The spaces don't need to clash and feel disconnected, like with Skyrim. But they do have to change.


Let's Talk Gameplay

If we wanted to come up with an open-world game that supports a wide variety of densities, we would need to consider how to link them together.

Let's start stock, with a typical open-world game setting. Rather than fantasy, let's set it in modern times - we'll call this a GTA-like rather than an RPG.

The medium-density setting of the urban environment is what most players are used to. In this environment they run around, jump cars off riverbanks, shoot cops, etc. Basically every GTA clone ever made.

We also need a lower- and higher-density way to play. And, importantly, they have to reflect on each other.

Let's say the high-density space would be places you actually go into. Shops, homes, and the like. In these spaces there wouldn't be very much call for violence - you could shoot a shopkeep and go on a rampage, but there's not any significant reward for it. Instead, these tight spaces are about arranging people and things.

It's about stocking a friend up with beer he likes by putting it on his shelf, or about hooking up some people that have never met each other by introducing them and kicking off a conversation, or its about sabotaging the air conditioning so it gets abysmally hot. It's about the things in this dense space and your inventory, and using them to affect each other. As a key part of this: these aren't quests. It's all open world. Sabotaging an air conditioner always has the same kind of effect everywhere. Putting something on someone's shelf - or taking something from their fridge - registers in the same way even if people have different responses.

Some possible rewards are obvious - you get resources if you steal them, and havok can be its own reward. However, we want our rewards to echo properly, they need to affect the player in other spaces. In this case, a good reward might be whether or not someone will follow you as an NPC if you phone them, and how powerful they will be when they do.

That's high-density.

Low-density, we have a lot of options. We could make some kind of wilderness/outskirts thing. But this is a techie wonderland, so I have two ideas.

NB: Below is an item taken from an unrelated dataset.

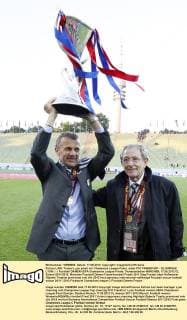 Patrice LAIR; Trainer Lyon jubelt mit Champions League Pokal, Jubel FFC FRANKFURT - OLYMPIGUE LYON ( - ) Fussball DAMEN UEFA Champions League Finale, Olympiastadion MÜNCHEN, 17.05.2012 CL Saison 2011 2012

The first is drone flying. You can use a drone to wander the city. Unlike wandering as a human, the drone cannot stop and chat - it doesn't even go down to street level unless you want to crash it. Instead, the drone scans for specific people whose phones you've bugged, open wifi networks, and so on. The city is a glowing map of flowing data, allowing you to search for points of interest, tidbits of data to harvest, and track individuals. The city is also large - real city size.

The second option is exactly the opposite: drone evasion. After curfew, drones watch the city. You can't use vehicles - they'll be spotted immediately. Instead, you have to move on foot. Everyone's gone home, the city is much less dense. It's just you and the glowing patterns of light that indicate where the drones can see. Change your gear to change how long it takes a drone to realize you're a person, or how hard it is for street-level cameras to identify you.

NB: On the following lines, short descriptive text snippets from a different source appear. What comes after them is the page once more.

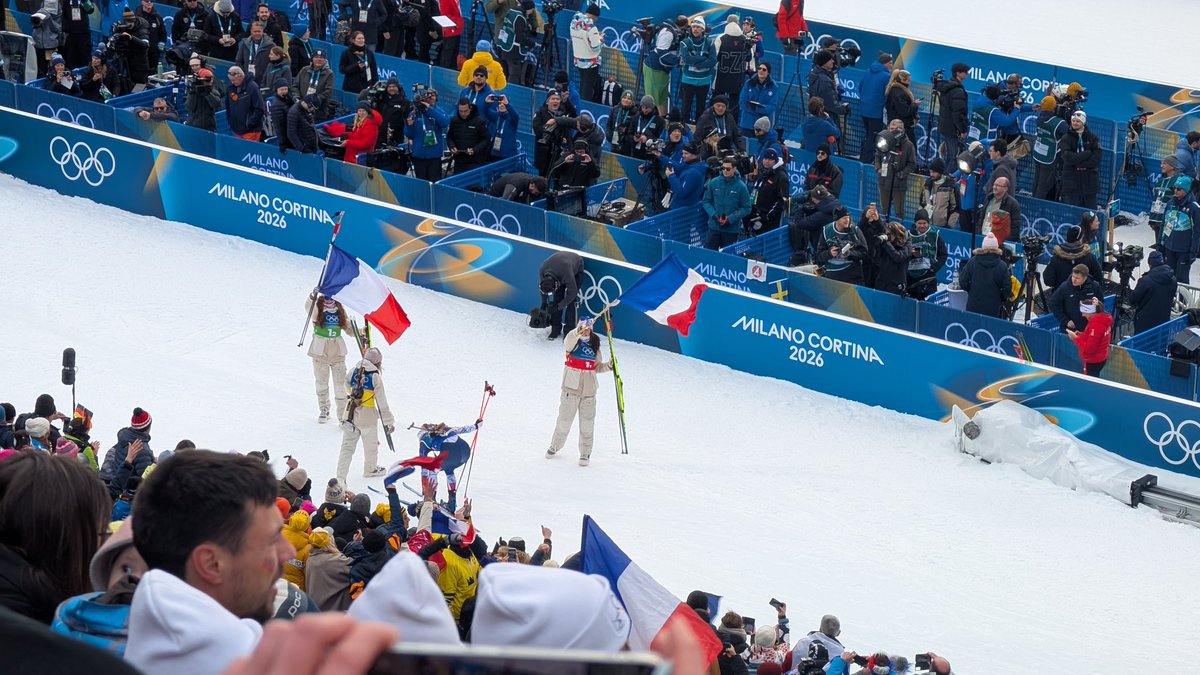 Le doublé !!!!!! Oui ! Oui ! oui ! ET RE OUI !

🇫🇷🥇🥇🥇🥇Championnes olympiques !!!!
!
Camille Bened, Lou Jeanmonnot, Océane Michelon et Julia Simon remportent le relais femmes après les gars hier !
BRAVISSIMO ! 
#BIATHLON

These kinds of play can all feed back on each other in relatively interesting ways. Cause a ruckus during the day in medium-density space, and that area will be crawling with cops and drones at night - leaving fewer in the rest of the city. Sneak somewhere at night to hack into security and change what you can see during a drone expedition. Do a good drone expedition to find a weak point in the mafia's defenses.

Normally this would all be scripted missions, but if the play exists, these can be emergent situations. Scripted missions are mostly useful for hiding parts of the game that don't flow well, don't emerge naturally. If our spaces blend together well and support each other, we don't need nearly as much scripting.

This is a pretty conservative kind of design, too. There are a lot of much more out-there designs where the spaces get a whole lot more dense and less dense. A game on a starship where you get stuck in your crew's dreams at night, for example. A camping game where you spend the day hiking and the night trapped in a two-person tent with three other people.

There's lots of options. I just wanted to show you that density goes a whole lot further than most people might think.